Now don’t get me wrong, I’m not suggesting that slime mold is more intelligent than humans, or trivialising the obesity epidemic. And Yes, intelligence is about more than just passing tests. But surely one key marker of intelligence is whether an animal consistently makes the most advantageous choice – as the slime mold does with its diet – not whether an animal goes through a complicated mental process, and ends up making a bad choice, as humans often do.

Our complex inner lives frequently lead us to eat unhealthy food. But it’s also easy to claim this complexity as further evidence of our superiority – instead of conceding that an extremely simple lifeform actually outperforms us on this one test. The no brained slime mold is making intelligent decisions, so maybe the basic nature of intelligent awareness is not subjective first person experience at all? Maybe that is a by-product of certain animal brains, rather than the key to the mystery? We know subjective experience is a part of human intelligence, but is it a requirement for all intelligence?

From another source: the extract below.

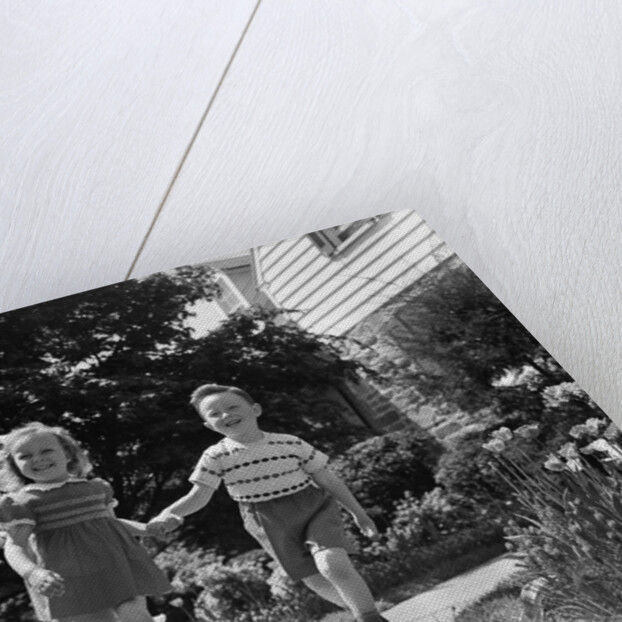 1950s two children holding hands smiling walking along sidewalk by Anonymous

We are probably the most intelligent species, because we have shaped and controlled nature in a way that no other animal could. Yet we continue to do so in an unsustainable way. We are still overusing limited resources, polluting and poisoning a natural world on which we are completely dependent. The human race is thriving and multiplying, but our inventiveness works against that evolutionary purpose, endangering our survival. Our complex subjective consciousness means we are still more concerned by abstract concepts, increasing GDP or fighting pointless wars in the name of some ideology, than we are with protecting the only planet in the known universe that can actually sustain our species, which means our complex subjective consciousness detracts from our intelligence in many ways.